How can QA rely on unit tests?

Firstly, let’s expel the idea that QA might ‘rely’ on a unit test. A unit test lives in the developer’s domain and may change at any moment or be deleted. As is so often the case in software development, the important element is the people themselves. If a QA and a dev work together regularly and the QA knows there are unit tests, has even seen them and understands how the important business logic is being unit tested, then that QA has far greater confidence that the easy stuff is probably OK. Hopefully QA have access to the unit test report from each build, and the tests are named well enough to make some sense. With this scenarion, it’s easier to be confident that the code has been written to a standard that is ready for a QA to start exposing it to real exploratory “what if” testing, rather than just checking it meets the acceptance criteria. Reasons for story rejection are far less likely to be simple logic problems.


Component Tests

I might upset some hardware people, but in my mind a component test is ran against your code when it is running, but without crossing application boundaries downstream. So if you have written a DotNet Web API service, you would be testing the running endpoint of that service while intercepting downstream requests and stubbing the responses. I’ve found Mountebank to be an excellent tool for this, but I believe there are many more to choose from.

TDD and BDD

Component tests can be ran on a developer’s machine, so it’s quite possible for these to be useful in a TDD/BDD fashion. The downside is that the application needs to be running in order to run the tests, so if they are to be executed from a build server, then the application needs to be started and the stubbing framework set up – this can be trickier to orchestrate. As with any automation, this is only really tricky the first time it’s done. After that, the code and patterns are in place.
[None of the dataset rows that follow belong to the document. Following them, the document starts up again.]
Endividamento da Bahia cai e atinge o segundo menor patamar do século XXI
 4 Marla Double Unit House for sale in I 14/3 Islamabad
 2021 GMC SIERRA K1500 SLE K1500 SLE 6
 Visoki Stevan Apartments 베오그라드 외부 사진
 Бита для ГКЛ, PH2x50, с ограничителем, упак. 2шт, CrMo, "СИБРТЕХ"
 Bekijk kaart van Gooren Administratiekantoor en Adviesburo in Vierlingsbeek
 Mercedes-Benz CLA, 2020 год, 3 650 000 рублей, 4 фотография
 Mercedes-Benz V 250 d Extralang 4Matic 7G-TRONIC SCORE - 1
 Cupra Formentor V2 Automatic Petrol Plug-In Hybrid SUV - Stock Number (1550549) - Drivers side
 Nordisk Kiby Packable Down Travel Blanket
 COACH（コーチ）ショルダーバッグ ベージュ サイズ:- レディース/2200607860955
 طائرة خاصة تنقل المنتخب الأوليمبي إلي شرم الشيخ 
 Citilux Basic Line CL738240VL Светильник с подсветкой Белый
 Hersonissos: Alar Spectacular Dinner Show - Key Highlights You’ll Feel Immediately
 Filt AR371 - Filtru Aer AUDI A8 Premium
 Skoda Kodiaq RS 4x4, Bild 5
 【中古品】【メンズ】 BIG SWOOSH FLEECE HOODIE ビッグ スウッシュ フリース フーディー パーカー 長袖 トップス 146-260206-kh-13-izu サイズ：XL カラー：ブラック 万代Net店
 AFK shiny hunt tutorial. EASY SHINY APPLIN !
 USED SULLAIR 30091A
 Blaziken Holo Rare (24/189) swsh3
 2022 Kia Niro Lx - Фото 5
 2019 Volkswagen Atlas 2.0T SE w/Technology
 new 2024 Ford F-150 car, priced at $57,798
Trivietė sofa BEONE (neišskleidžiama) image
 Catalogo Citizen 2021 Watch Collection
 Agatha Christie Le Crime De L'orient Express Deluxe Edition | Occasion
In my experience, component tests have limited value. I’ve found that this level of testing is often swallowed by the combination of good unit testing and good integration testing. From a point of view, they are actually integration tests, as you are testing the integration between the application and the operating system.

Having said that, if the downstream systems are not available or relilable, then this approach allows the application functionality to be tested seperately from any integrations.

Who writes these?

Developers write component tests. They may find that they are making changes to an older application, which thiey don’t fully understand. Being able to sandbox the running app and stub all external dependencies can help in these situations.

How can QA rely on component tests?

This again comes down to the very human relationship between the QA and the developer. If there is a close working relationship, and the developer takes the time to show the QA the application under test and explain why they’ve tested it in that way, then it increases the confidence the QA has that the code is ready for them to really go to town on it. It might be that in a discussion prior to development, the QA had suggested that they would be comfier if this component test existed. The test could convey as much meaning as the AC’s in the story.

Again, quality is ensured by having a good relationship between the people involved in building it.


Application Scoped Integration Tests

Integration tests prove that the application functions correctly when exposed to the other systems it will be talking to once in production. They rely on the application being installed and running, and they rely on other applications in ‘the stack’ also running. Strictly speaking, any test that crosses application boundaries is an integration test, but I want to focus on automated tests. We haven’t quite got to manual testing yet.

TDD and BDD

With an integration test, we are extending the feedback time a little too far for it to be your primary TDD strategy; you may find it useful to write an integration test to show a positive and negative result from some business logic at the integration level before that logic is deployed just so you can see the switch from failing to passing tests, but you probably shouldn’t be testing all boundary results at an integration level as a developer. It’s definitely possible to write behaviour focussed integration tests. If you’re building an API and the acceptance criteria includes a truth table, you pretty much have your behvaviour tests already set out for you, but consider what you are testing at the integration level – if you have unit tests proving the logic, then you only need to test that the business logic is hooked in correctly.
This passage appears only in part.